Duluth police pot holds pot
IRONY: Police attribute a dozen marijuana plants at the West Duluth substation to a joker.
BY MARK STODGHILL
NEWS TRIBUNE STAFF WRITER
Like all good reporters, the News Tribune's Janna Goerdt has learned to keep her ears and eyes open for whatever might be encountered on an assignment.
Goerdt accompanied law enforcement officials Saturday as they searched for people illegally using all-terrain vehicles in Duluth. She wrote a story about the enforcement campaign for Sunday's newspaper.
Goerdt also uncovered a dozen marijuana plants growing in western Duluth.
The pot wasn't growing off an ATV trail. And she didn't find it in the woods.
Goerdt found the marijuana growing in a planter near the front door of the West Duluth police substation.

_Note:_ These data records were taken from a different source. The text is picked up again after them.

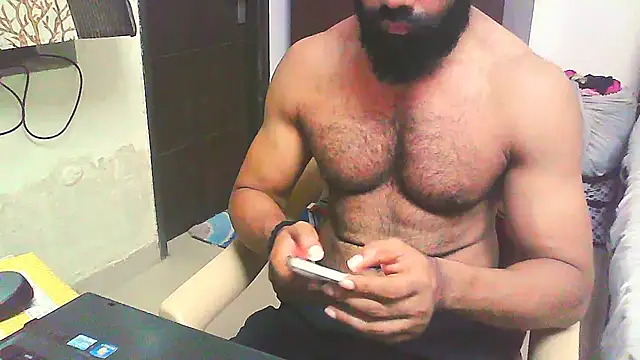 Snapshot of Vbestshow chatting on 10.01.25 Vbestshow online show from 10.01.25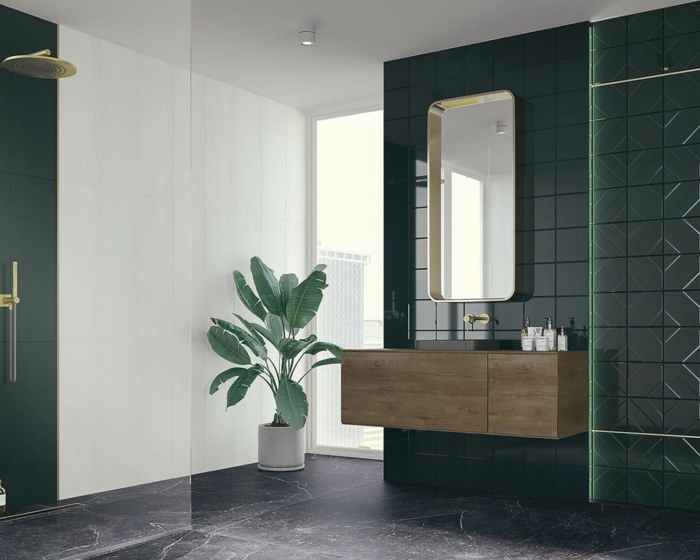 Sol en marbre gris, plante verte géante, carrelage vert, photo décoration murale salle de bain, idee salle de bain verte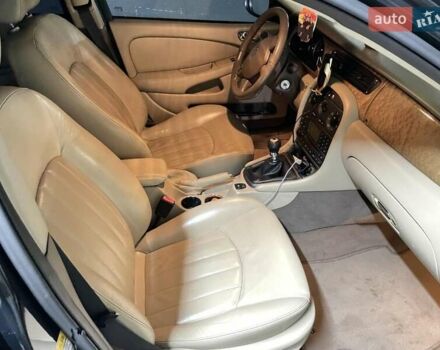 Черный Ягуар Х-Тайп, объемом двигателя 2 л и пробегом 268 тыс. км за 3800 $, фото 3 на Automoto.ua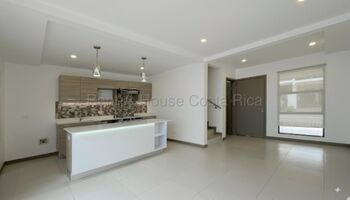 Se alquila casa en San Antonio Escazú 26-1744 en San Antonio, Escazú, San José — $1,500 - Foto 4 de 25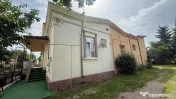 De închiriat apartament 2 camere, situat la casa, 70 mp uti 
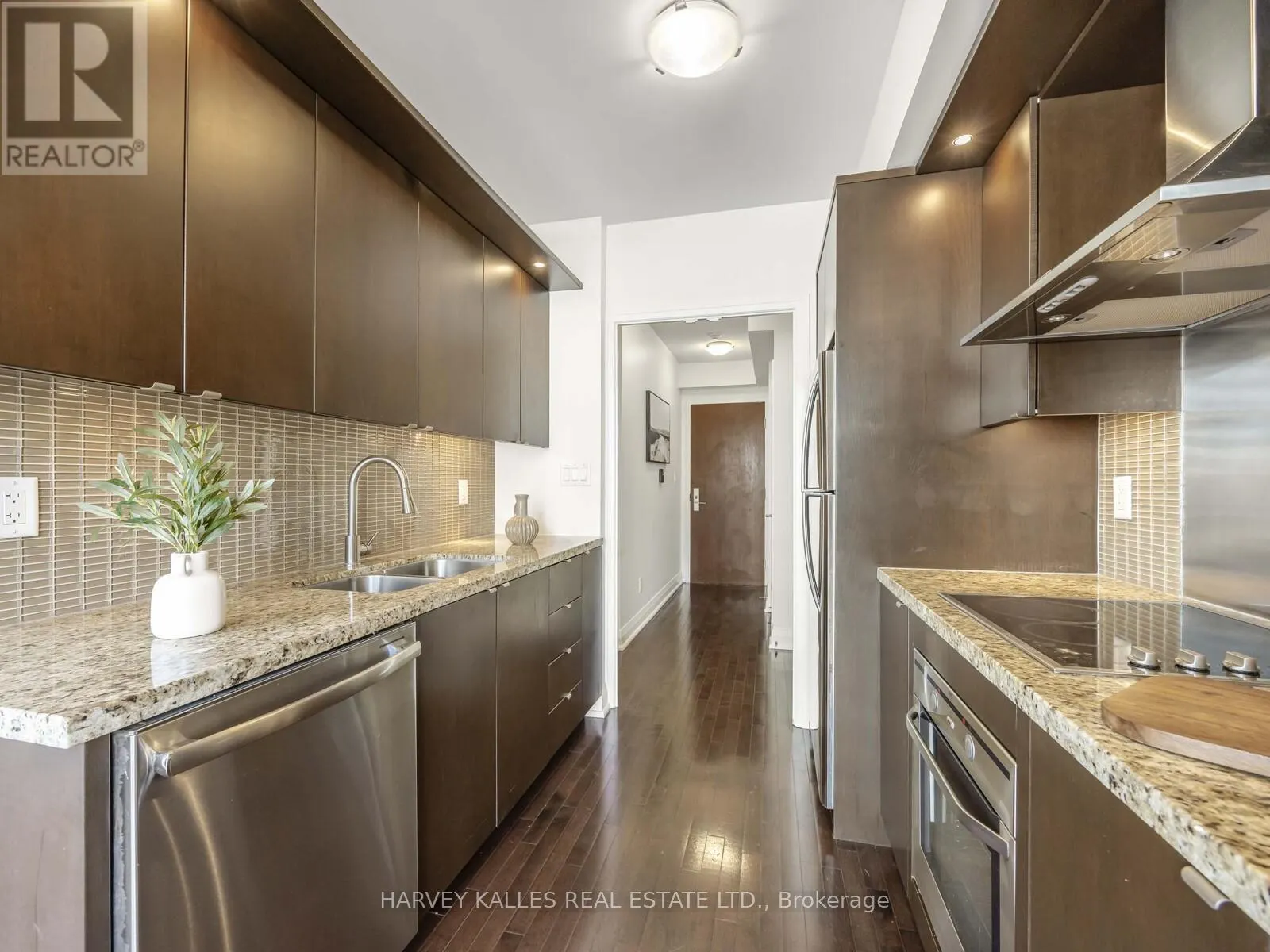 606 - 1430 YONGE STREET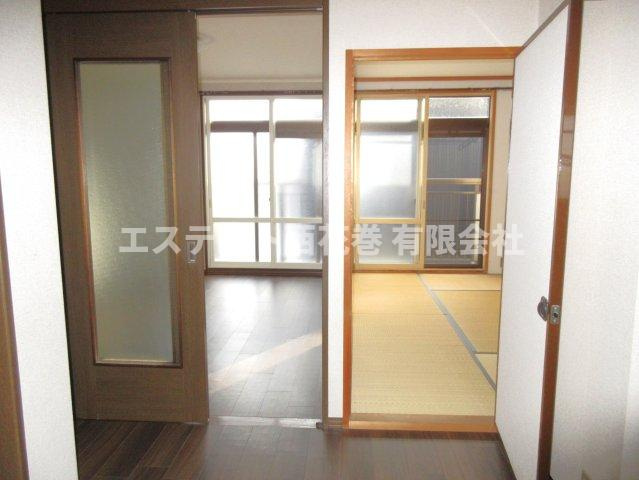 シティハイムサンポートⅠ　Ⅱの内装|洋室、和室のそれぞれの入口があります。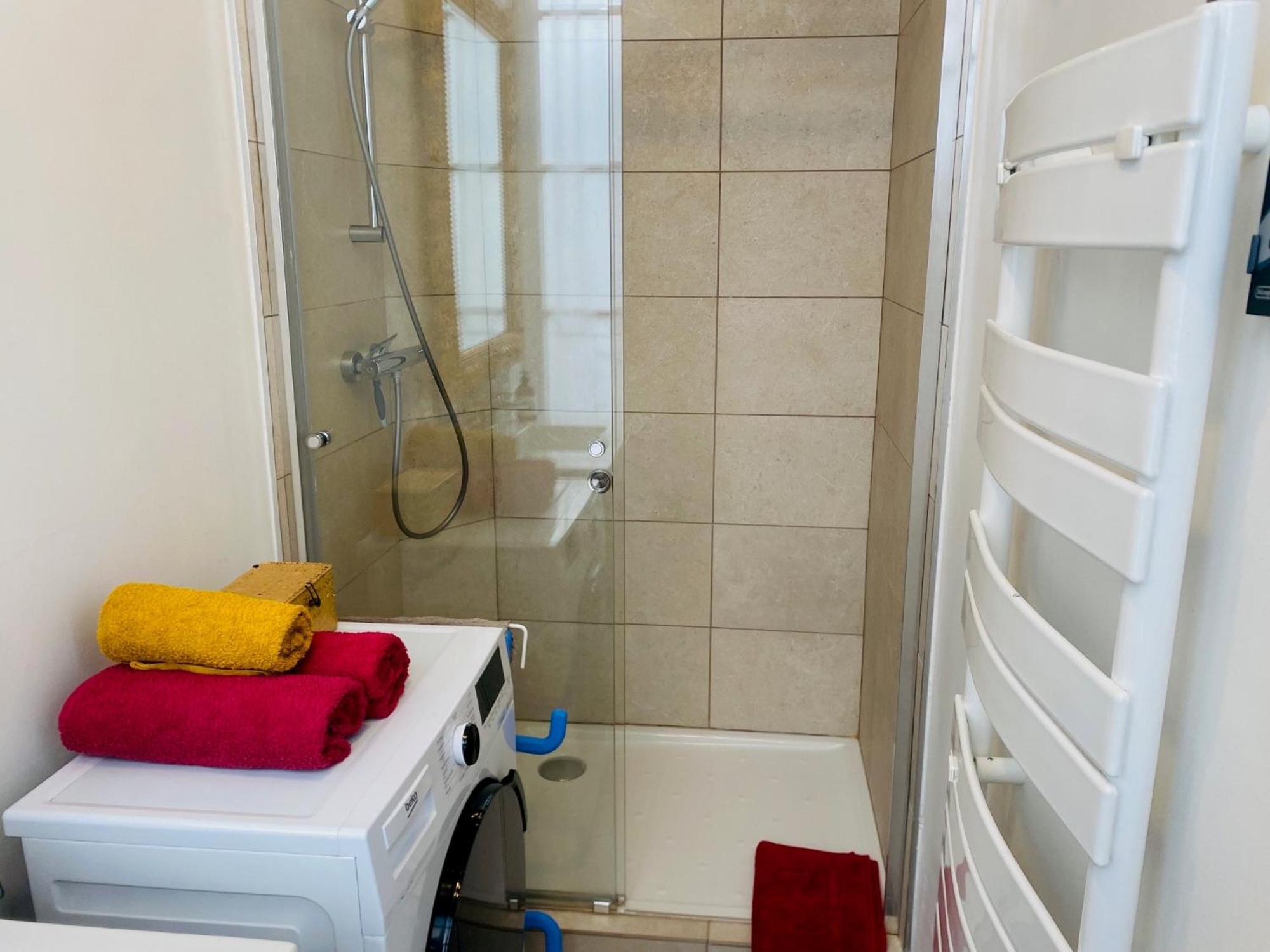 Romantic Apartment Near Le Marais Paris Ngoại thất bức ảnh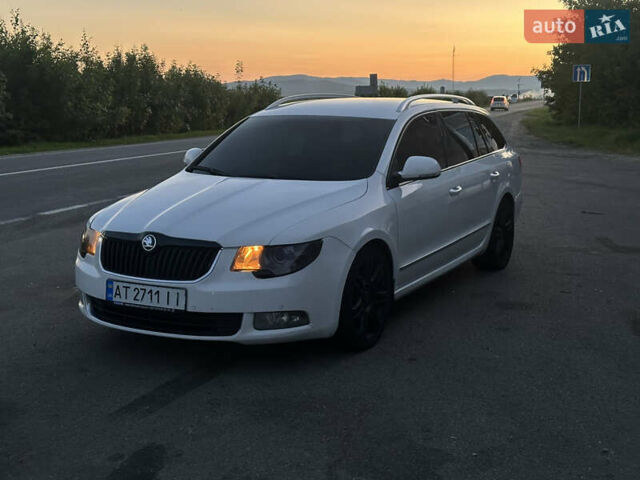 Белый Шкода Суперб, объемом двигателя 3.58 л и пробегом 315 тыс. км за 9900 $, фото 10 на Automoto.ua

You might say she was paying attention.
During law enforcement's briefing on how they were going to conduct the ATV sting Saturday, Goerdt heard two members of a rival news team talking about "something interesting" in front of the police station at 5315 Grand Ave.
Eavesdropping like a good reporter, Goerdt filed the comment away in her memory bank and accompanied law enforcement on the ATV crackdown.
When that assignment was over, Goerdt returned to the police station and took a walk around the building. She found the marijuana plants. Although she said she didn't know that they were marijuana plants.
She plucked one of the leaves and brought it back to the newspaper. "I needed some evidence," she said. "I didn't know if anyone would believe me. I didn't think it was a big deal. I just thought it was rather amusing."
Duluth City Gardner Tom Kasper was given the leaf for inspection Monday and confirmed that it came from a marijuana plant.
Kasper immediately traveled to the West Duluth police substation to inform neighborhood supervising police Lt. John Beyer of the pot growing in the front-yard planter.
Beyer pointed out that he, his police officers and the public use the backdoor entrance to the police station. The front door just off busy Grand Avenue is usually locked and not used.
"The only thing I can say is somebody has a sense of humor," Beyer said. "Now they'll read about it in the paper and say, 'Yeah, that was me.' "
Goerdt provided the scoop and Kasper did the scooping.
The gardener dug out the 12 marijuana plants by their roots and presented them to Beyer. They were 4 to 6 inches high and Kasper estimated they had been growing about three weeks.
Beyer said the plants will be placed in a paper bag and destroyed when the next batch of police-confiscated drugs are gotten rid of.
Kasper said this is the first marijuana found growing in Duluth that has been reported to him in 10 years.
But this isn't the first time marijuana has been discovered growing in a public place in Duluth. In 1990, a citizen pointed out to police that a 3-foot marijuana plant was growing in the northern corner of the Civic Center courtyard near City Hall.
For a day at least, Goerdt is known around here as "Janna The Snitch." She said she can live with it.